Dame Maggie Smith is 81. Dame Judi Dench – her co-star and co-executive producer with her of “The Second Best Exotic Marigold Hotel” – is 19 days older.
Richard Gere is now 65. David Strathairn is 66, as is Bill Nighy. Veteran British character actor Ronald Pickup is 74. Lillette Dubey, who plays Gere’s romantic infatuation in the film, is 60.
If you add all that up in the film’s cast, that’s about five centuries of life on this cosmic blue marble.
It is no secret that “The Second Best Exotic Marigold Hotel” is so much more accommodating to audiences who have been around a while than most films being tossed at us in the 21st century.
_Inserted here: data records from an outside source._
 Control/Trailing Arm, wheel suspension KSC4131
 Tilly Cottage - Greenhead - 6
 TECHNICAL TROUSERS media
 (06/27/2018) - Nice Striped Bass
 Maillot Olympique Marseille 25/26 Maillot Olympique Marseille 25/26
And considering how much of a smash hit the first “Best Exotic Marigold Hotel” film was, why wouldn’t it be?
Who better to ask about that – as well as about the dramatic care and feeding of some of the most charming actors in English language movies and theater – than John Madden who directed both “Marigold Hotel” movies as well as the Oscar-winning “Shakespeare in Love,” “Mrs. Brown,” “Captain Corelli’s Mandolin,” “Proof” and “The Debt?”
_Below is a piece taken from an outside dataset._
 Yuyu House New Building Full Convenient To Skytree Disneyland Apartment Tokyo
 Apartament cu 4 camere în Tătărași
Here, then, is a recent phone conversation with as articulate and wise a film director as one is liable to find these days.
Question: Let’s get right to the big question: This movie deliberately flies in the face of the demographic targeting that has become commonplace in movies. In one of Woody Allen’s movies, a character uses the word “demographic” and Woody responds “You mean that thing that ruined everything?” I’d love to hear your feelings about all this. These Marigold movies have located an unusual audience quite brilliantly.
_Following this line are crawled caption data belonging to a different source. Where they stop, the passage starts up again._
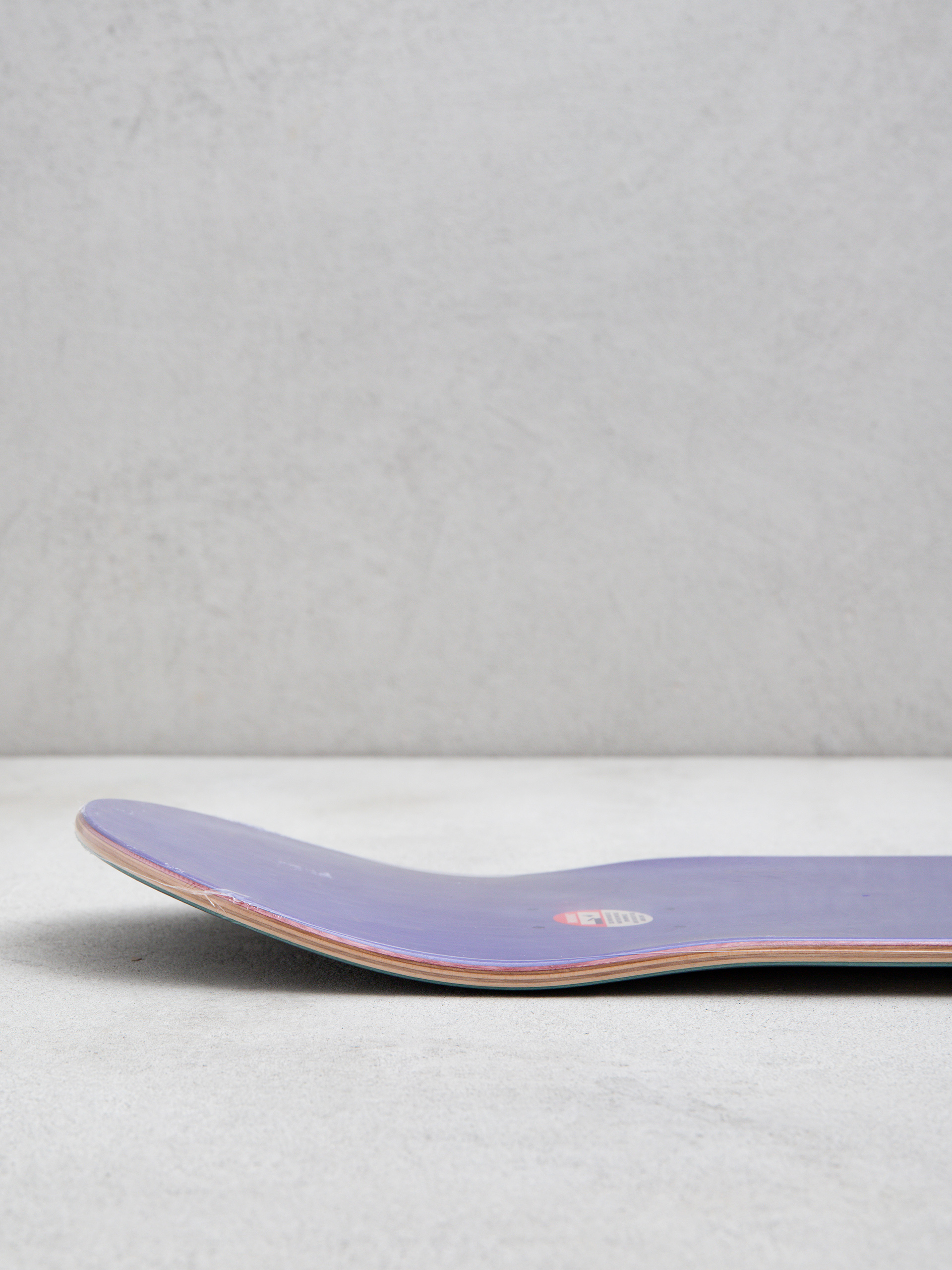 Декa Antihero Team Classic Eagle (grey)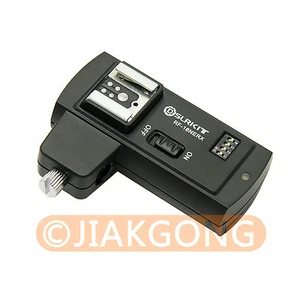 DSLRKIT RF-16NE RX 2.4Ghz Wireless Flash Trigger Receiver  - Picture 1 of 1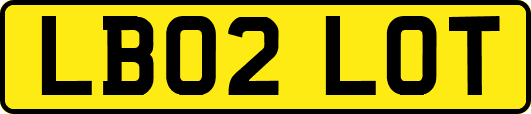 LB02LOT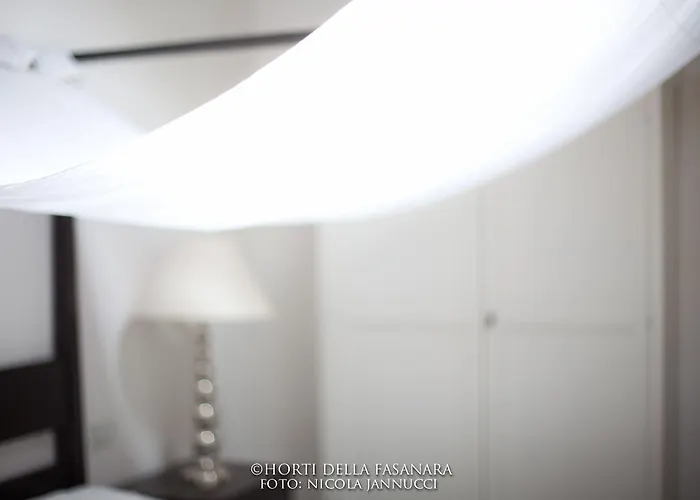 Horti Della Fasanara * Феррара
Answer: One of the things that was most interesting about the film was the chance to address a neglected constituency as it were. They’re either on the cliched margins of a story where they’re used as comic relief or they’re the center of a darker story about the depredations of old age, illness and so forth. The first film gave us the opportunity to take age out of the discussion in terms of the way people behaved.
This idea from the original book of outsourcing retirement is a very interesting notion. We made the film imagining that an audience might respond to it. And we were very surprised to find that – to take Woody Allen’s formulation – far from “ruining everything” it turned out to be in our favor at the end. It sort of defied this demographic.
People were responding to it from the generation below and even two generations below. I don’t completely understand why or how that happened. I supposed it’s because we were dealing with a real group of people with the real concerns they might have at that point in their lives.
Obviously we were very alive to the comedic implications of that – the absurdities of old age. We were able to root that in real characters ... That turned out to be something refreshing and unusual for people. We were as surprised as anybody else to find out how wide that engagement was really. Our audience didn’t respect any border.
Q: Because of demographics, were the films hard to finance?
A: It took a while to get going. It took tenacity. And then Fox Searchlight became interested in it. They were not afraid of the subject matter. And also they’d made films in India before. They were attracted to it for slightly different reasons.
There WERE concerns at that point: “Will any audience want to see anything that might be dealing with death from old age?” That might be a hard sell in America. But we stuck to our guns in that. … There was definitely a concern that audiences might turn away from that. But far from it in fact. The humor in both films, I think, comes out of the sense of melancholy.
Q: When you’ve got actresses like Maggie Smith and Judi Dench in a movie, how much directing does a director actually have to do? I would think it would be a bit like traffic direction. I remember John Huston once admitted that with “The Man Who Would Be King,” Michael Caine and Sean Connery would come to the set with scenes completely rehearsed by the two of them, requiring little more than Huston blocking it and getting them set up on camera. Does anything similar happen with Smith and Dench?
A: Your job is so much easier when you’re working with people of that caliber. But I would say the following: we were able to write specifically for the actors we knew. My approach as a director anyway is to negotiate with the actors about what happens with their character – talk them through the story, investigate the scenes so that we have a common language about them. In an ensemble film like this, I don’t want to be taking time dealing with actors on the set about something like that. I need them to know where they all are. … My job is to really get out of their way if I can. Unless I see things pointing in a direction I don’t think they should be …
When we’re shooting, everything has to belong to everything else. My part of the film is orchestration.
Judi I’ve worked with four times now. And we have a shorthand. Maggie’s very much the same. I would just go out and talk to her before the scene that day and “let’s compare notes.”...I don’t like to define things too clearly for an actor because then you’re going to box them in. And these people? God KNOWS you don’t want to box THESE PEOPLE in.
Q: The success of “Shakespeare in Love” took a lot of people by surprise – not that it was a success but the degree of that success, financially, at award time. Was there anything ever a little uncomfortable in such huge and unexpected success – envies, resentments, say, you didn’t see coming?
A: You don’t ever want to make something that’s a disappointment after you’ve made a surprise success. People relish the surprise a great deal. Obviously you can’t repeat that. But I think you can surprise in other ways. [In this film] people had enormous affection for these characters. I think that first film found its way into people’s hearts – partly through not demanding a great deal and partly because people discovered it. That’s a very pleasurable exercise for an audience.